With Teacher Appreciation Week upon us (beginning on May 8), I'd like to first thank all the teachers who have devoted their careers to helping others grow. Teaching is among the noblest of roles in our society. One teacher compared her job to the filling of buckets. She couldn't do it, she said, unless her own bucket was kept filled… because the more she filled herself, the more she had to offer her students.
A teacher imparts so much more than knowledge–they fill hearts and spirits, too. So it is with each of us. We are each here to learn and teach, to teach and to learn in this great classroom of life. The question is, what will we teach, and what will we choose to learn?
How we conduct ourselves in the world speaks volumes about us, and often, that volume is louder than our own ears realize. We teach (knowingly or not) when we're with our families, our colleagues, our communities, and those we meet in daily interactions. We teach by doing… and we teach by not doing. And if we want to know the messages we're conveying, we need only look around us. We know that it's our spirits, not our minds or bodies, that are the true transmitters of energy.
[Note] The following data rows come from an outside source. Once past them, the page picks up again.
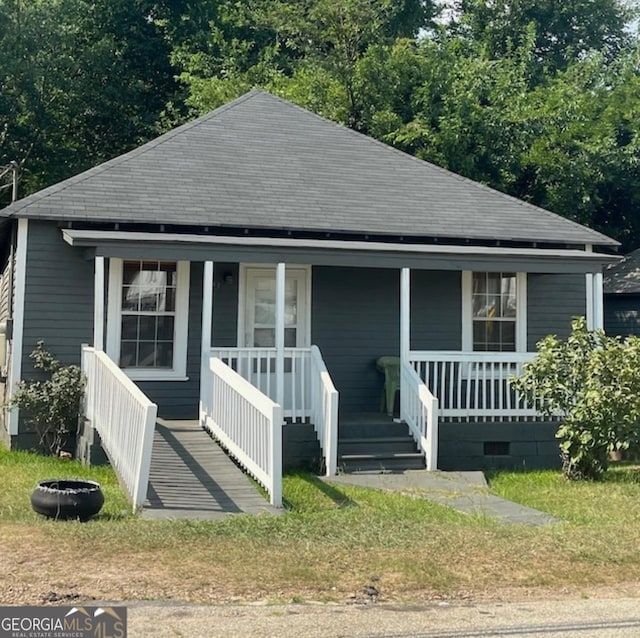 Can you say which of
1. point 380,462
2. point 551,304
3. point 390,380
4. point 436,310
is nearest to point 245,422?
point 380,462

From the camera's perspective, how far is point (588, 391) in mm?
10117

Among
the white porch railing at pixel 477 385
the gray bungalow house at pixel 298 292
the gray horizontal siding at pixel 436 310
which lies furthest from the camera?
the gray horizontal siding at pixel 436 310

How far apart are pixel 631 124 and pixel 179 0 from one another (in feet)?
50.7

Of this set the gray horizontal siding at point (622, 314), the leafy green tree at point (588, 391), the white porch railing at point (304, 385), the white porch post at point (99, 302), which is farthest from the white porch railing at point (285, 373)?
the gray horizontal siding at point (622, 314)

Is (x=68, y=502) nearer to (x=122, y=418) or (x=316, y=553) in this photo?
(x=122, y=418)

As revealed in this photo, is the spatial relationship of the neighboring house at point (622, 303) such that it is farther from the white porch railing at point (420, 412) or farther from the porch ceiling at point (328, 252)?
the white porch railing at point (420, 412)

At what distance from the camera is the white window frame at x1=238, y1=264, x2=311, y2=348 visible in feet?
41.2

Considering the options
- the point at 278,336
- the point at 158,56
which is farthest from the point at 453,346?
the point at 158,56

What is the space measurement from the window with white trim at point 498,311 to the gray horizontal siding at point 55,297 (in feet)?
20.3

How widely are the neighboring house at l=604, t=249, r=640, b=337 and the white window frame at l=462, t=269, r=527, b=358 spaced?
17.9ft

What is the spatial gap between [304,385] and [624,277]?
11.0m

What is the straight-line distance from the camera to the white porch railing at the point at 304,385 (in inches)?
407

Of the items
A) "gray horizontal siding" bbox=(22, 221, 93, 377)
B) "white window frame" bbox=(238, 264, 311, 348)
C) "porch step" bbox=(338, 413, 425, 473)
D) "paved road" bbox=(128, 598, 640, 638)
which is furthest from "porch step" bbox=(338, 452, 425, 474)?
"paved road" bbox=(128, 598, 640, 638)

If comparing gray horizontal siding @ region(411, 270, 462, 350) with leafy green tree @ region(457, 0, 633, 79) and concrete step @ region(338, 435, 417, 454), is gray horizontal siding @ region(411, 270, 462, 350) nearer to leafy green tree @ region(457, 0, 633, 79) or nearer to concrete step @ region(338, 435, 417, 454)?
concrete step @ region(338, 435, 417, 454) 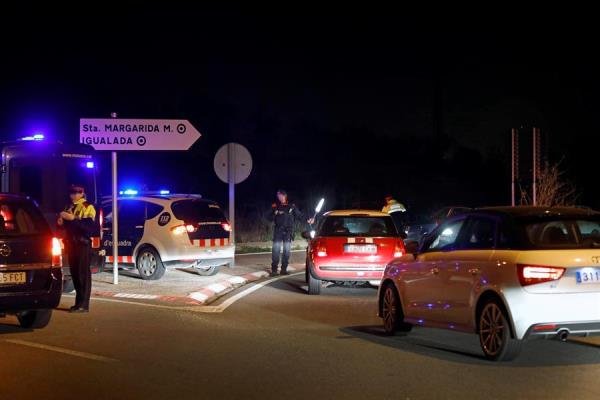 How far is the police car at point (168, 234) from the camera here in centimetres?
1655

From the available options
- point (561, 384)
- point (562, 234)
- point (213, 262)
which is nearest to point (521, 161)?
point (213, 262)

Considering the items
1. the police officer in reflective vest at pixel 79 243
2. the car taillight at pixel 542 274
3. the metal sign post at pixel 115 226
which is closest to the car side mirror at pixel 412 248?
the car taillight at pixel 542 274

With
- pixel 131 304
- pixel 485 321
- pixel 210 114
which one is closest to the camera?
pixel 485 321

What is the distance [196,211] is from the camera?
55.7 ft

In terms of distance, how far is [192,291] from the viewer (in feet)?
48.4

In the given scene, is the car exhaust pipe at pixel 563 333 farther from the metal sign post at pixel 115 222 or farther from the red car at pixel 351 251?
the metal sign post at pixel 115 222

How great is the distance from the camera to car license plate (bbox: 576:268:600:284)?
7.95 metres

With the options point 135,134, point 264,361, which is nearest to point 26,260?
point 264,361

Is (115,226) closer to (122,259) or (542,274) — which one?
(122,259)

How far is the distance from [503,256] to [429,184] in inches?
2525

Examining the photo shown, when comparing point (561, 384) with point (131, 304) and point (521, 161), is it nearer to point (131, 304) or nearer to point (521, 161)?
point (131, 304)

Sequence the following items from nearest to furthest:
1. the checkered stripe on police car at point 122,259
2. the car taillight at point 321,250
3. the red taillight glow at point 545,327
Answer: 1. the red taillight glow at point 545,327
2. the car taillight at point 321,250
3. the checkered stripe on police car at point 122,259

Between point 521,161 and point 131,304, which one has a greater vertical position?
point 521,161

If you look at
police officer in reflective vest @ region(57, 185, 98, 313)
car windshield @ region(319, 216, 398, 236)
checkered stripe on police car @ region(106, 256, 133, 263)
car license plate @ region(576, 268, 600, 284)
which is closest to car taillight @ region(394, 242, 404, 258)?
car windshield @ region(319, 216, 398, 236)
Are we seeing smiles on the faces of those in our company? Are we calming tense situations and adding joy to the mundane? Is the energy lighter and brighter when we leave a place than it was when we first arrived? Pay attention, and you'll know where there's work to be done.
So how do we fill our own buckets–not just with more information, but most importantly from a kabbalistic standpoint–with more Light? The key lies in what every teacher by trade knows well: a great teacher needs first to be a great student. That requires cultivating a deep desire to grow our own wisdom so that what we share takes on an illuminated quality.